Schema

Note

Schema is a beta function of MaxCompute. You need to apply for a trial of new features before accessing it. PyODPS above 0.11.3 is also needed.

Schema is a concept between projects and objects like tables, resources or functions. It maintains categories for these objects.

Basic operations

You may use exist_schema() to check if the schema with specific name exists.

print(o.exist_schema("test_schema"))

Use create_schema() to create a schema object.

schema = o.create_schema("test_schema")
print(schema)

Use delete_schema() to delete a schema object.

schema = o.delete_schema("test_schema")

Use get_schema() to obtain a schema object and print its owner.

schema = o.get_schema("test_schema")
print(schema.owner)

Use list_schema() to list all schemas in s project and print their names.

for schema in o.list_schema():
    print(schema.name)

Handling objects in Schema

After schemas are enabled, calls on your MaxCompute entrance only affects objects in the schema named DEFAULT by default. To handle objects in other schemas, you need to provide the name of the schema. For instance,

import os
from odps import ODPS
# Make sure environment variable ALIBABA_CLOUD_ACCESS_KEY_ID already set to Access Key ID of user
# while environment variable ALIBABA_CLOUD_ACCESS_KEY_SECRET set to Access Key Secret of user.
# Not recommended to hardcode Access Key ID or Access Key Secret in your code.
o = ODPS(
    os.getenv('ALIBABA_CLOUD_ACCESS_KEY_ID'),
    os.getenv('ALIBABA_CLOUD_ACCESS_KEY_SECRET'),
    project='**your-project**',
    endpoint='**your-endpoint**',
    schema='**your-schema-name**',
)

You can also specify names of schemas when handling MaxCompute objects. For instance, the code below lists all tables under the schema test_schema.

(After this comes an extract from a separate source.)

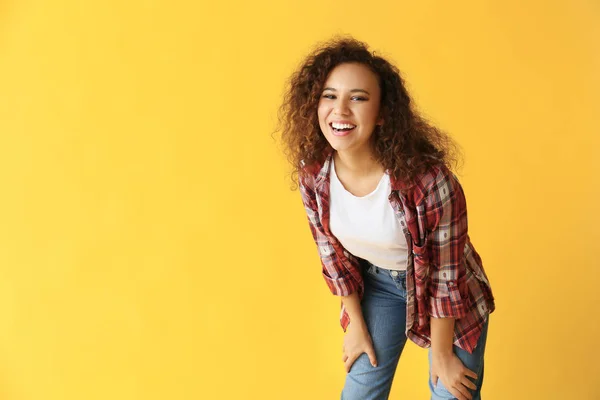 Happy African-American woman on color background — Stock Photo, Image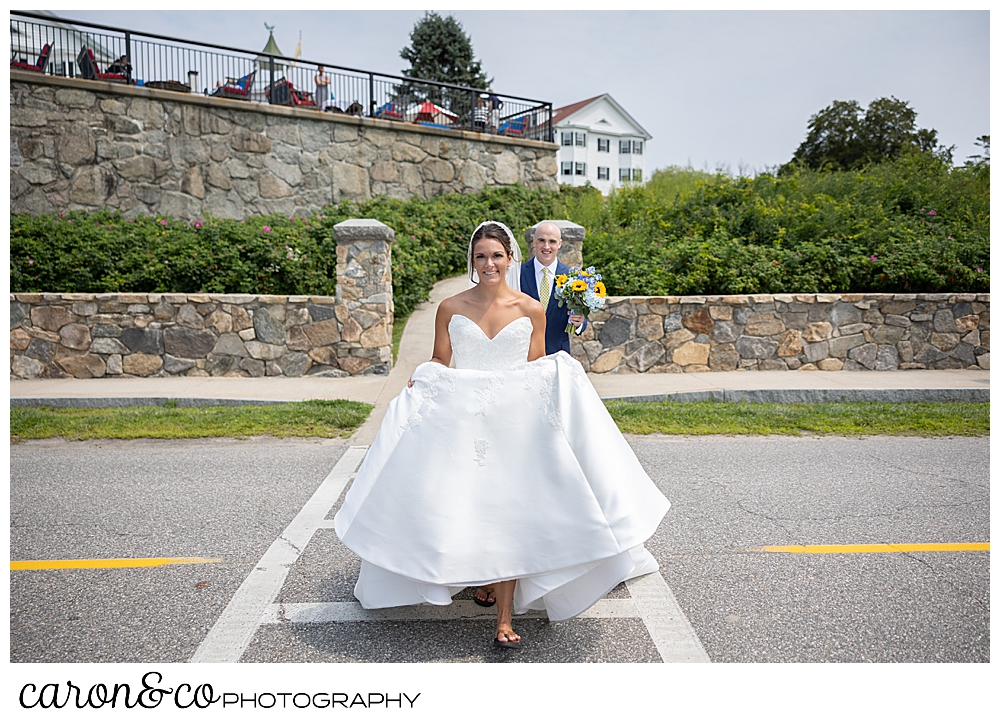 a bride wearing a strapless white dress and a white veil, holds her dress in the front as she crosses the street in front of the Colony Hotel, her groom is following behind, helping with her train, at a Kennebunkport wedding at the Colony Hotel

for table in o.list_tables(schema='test_schema'):
    print(table)

The code below gets a table named dual under schema named ``test_schema``and outputs its structure.

table = o.get_table('dual', schema='test_schema')
print(table.table_schema)

You can also specify name of the default schema when executing SQL statements.

o.execute_sql("SELECT * FROM dual", default_schema="test_schema")

对于表而言,如果项目空间没有启用 Schema,get_table 方法对于 x.y 形式的表名,默认按照 project.table 处理。如果当前租户开启了租户级语法开关get_table 会将 x.y 作为 schema.table 处理,否则依然按照 project.table 处理。如果租户上没有配置该选项,可以配置 options.enable_schema = True,此后所有 x.y 都将被作为 schema.table 处理:

from odps import options
options.enable_schema = True
print(o.get_table("myschema.mytable"))

Note

options.enable_schema is supported since PyODPS 0.12.0. options.always_enable_schema should be used in lower versions.